▶ [Instructions to follow] At the line that holds "Dice Chapter 202 - Trang 2", start repeating, and keep going exactly through the final line of the material; include both ends and skip the pictures.

▶ [Task material]
------------------------------------------------------------
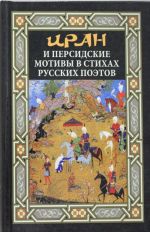 Iran i persidskie motivy v stikhakh russkikh poetov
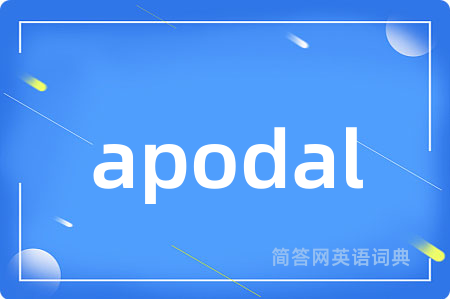 apodal是什么意思,apodal的中文翻译 apodal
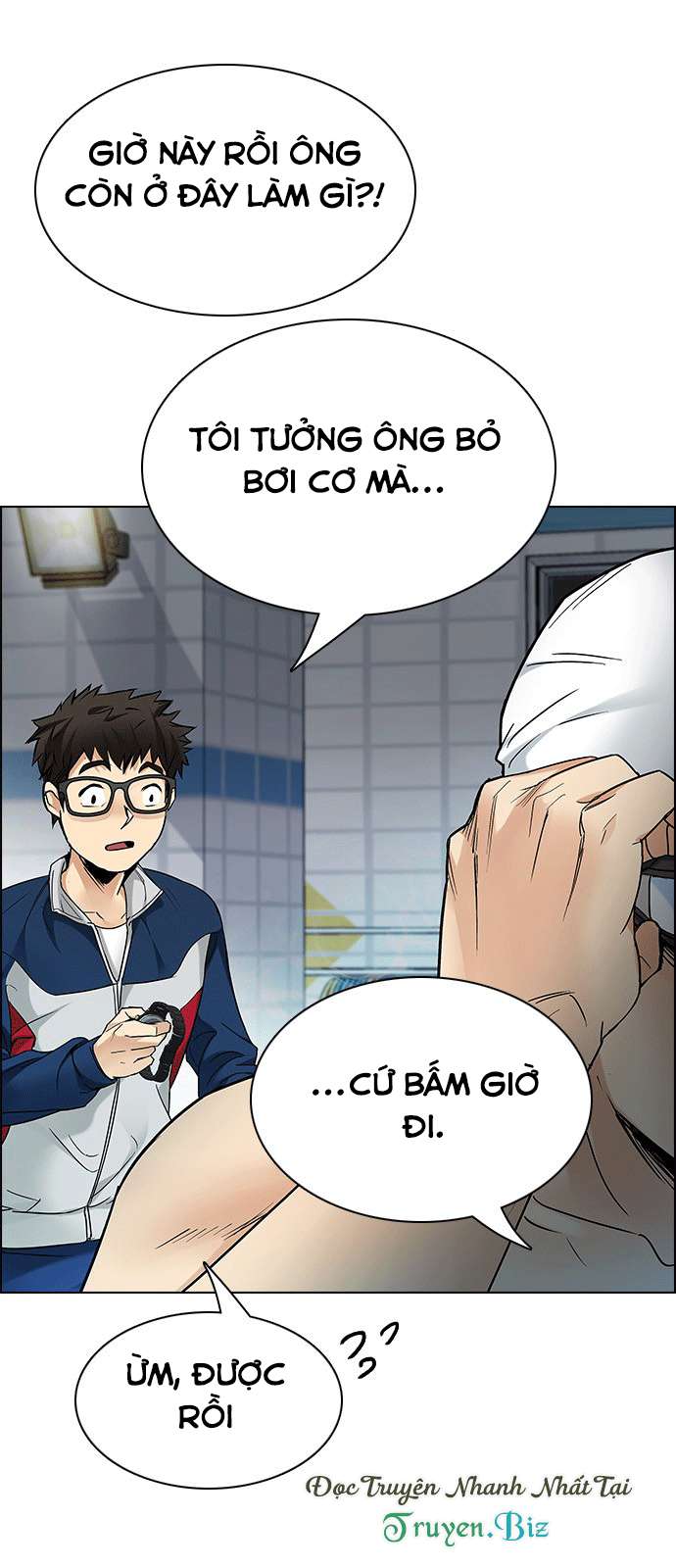 Dice Chapter 202 - Trang 2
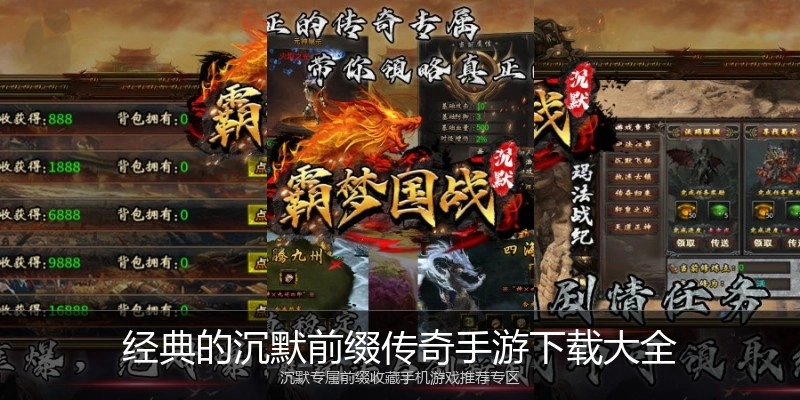 经典的沉默前缀传奇手游下载大全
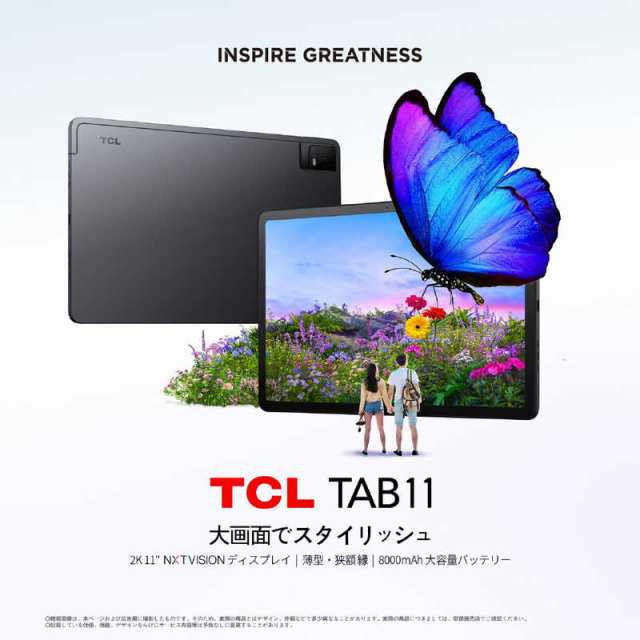 TCL Androidタブレット TCL TAB 11 9466X3の通販はau PAY マーケット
------------------------------------------------------------
▶ [Result below]
 Dice Chapter 202 - Trang 2
 经典的沉默前缀传奇手游下载大全
 TCL Androidタブレット TCL TAB 11 9466X3の通販はau PAY マーケット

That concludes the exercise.